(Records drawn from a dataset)
· · ·
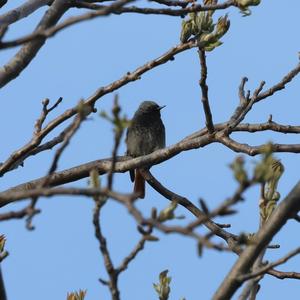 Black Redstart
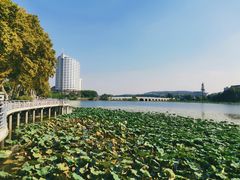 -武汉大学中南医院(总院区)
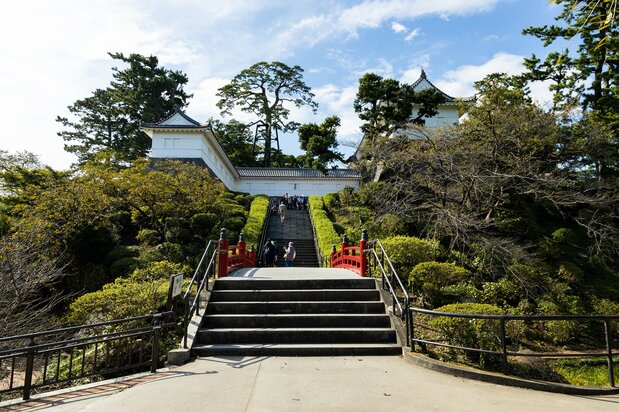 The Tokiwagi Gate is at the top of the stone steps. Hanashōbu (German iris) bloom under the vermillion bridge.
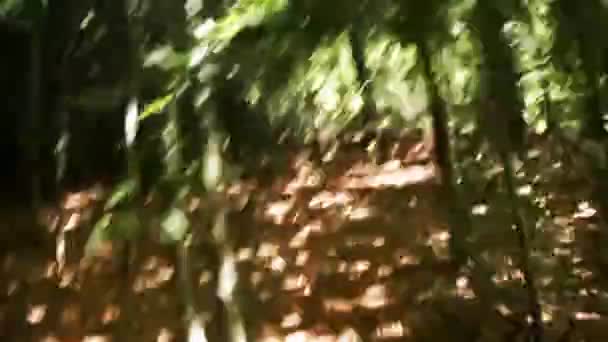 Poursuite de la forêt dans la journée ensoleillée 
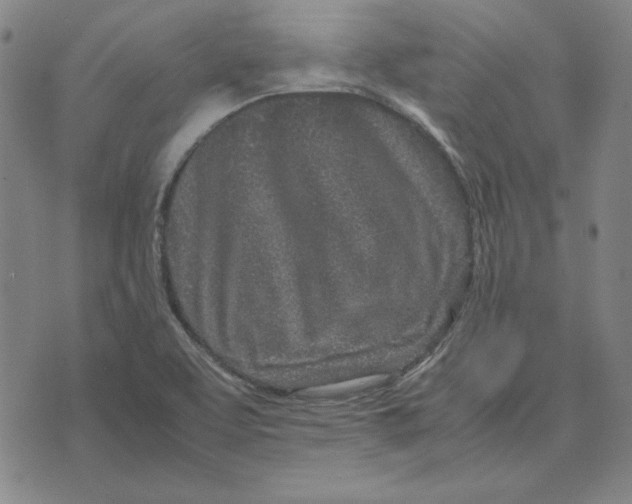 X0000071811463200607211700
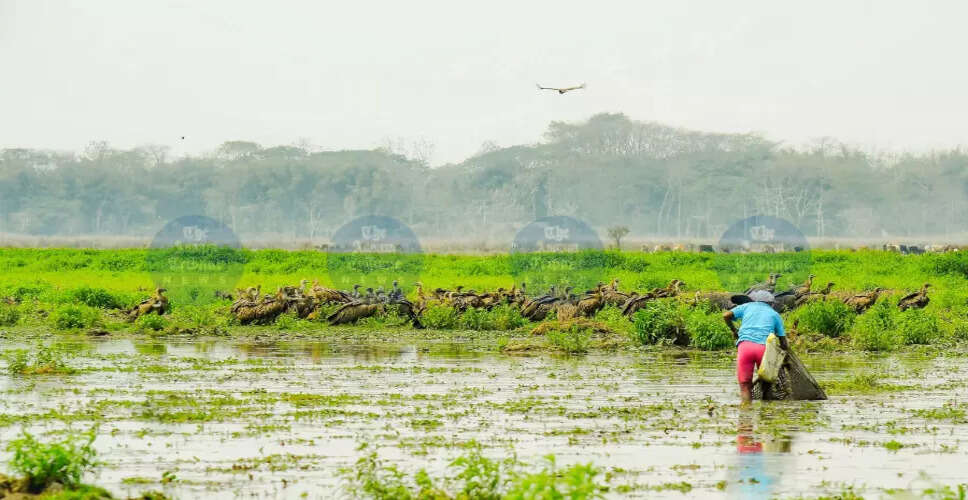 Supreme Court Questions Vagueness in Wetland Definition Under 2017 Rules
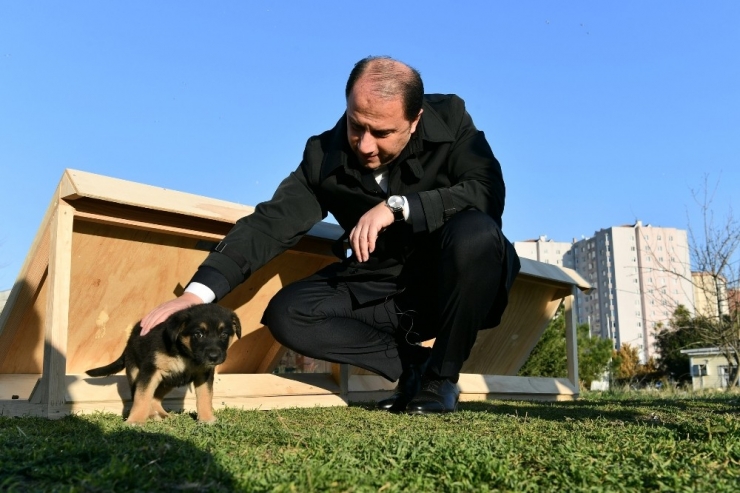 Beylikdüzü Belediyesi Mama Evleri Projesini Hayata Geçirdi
· · ·
• **EXERCISE AIM**: With pictures left out, repeat exactly the lines from the line bearing "Poursuite de la" through the final line of the records above.

• **RESPONSE TO THE EXERCISE**:
 Poursuite de la forêt dans la journée ensoleillée 
 X0000071811463200607211700
 Supreme Court Questions Vagueness in Wetland Definition Under 2017 Rules
 Beylikdüzü Belediyesi Mama Evleri Projesini Hayata Geçirdi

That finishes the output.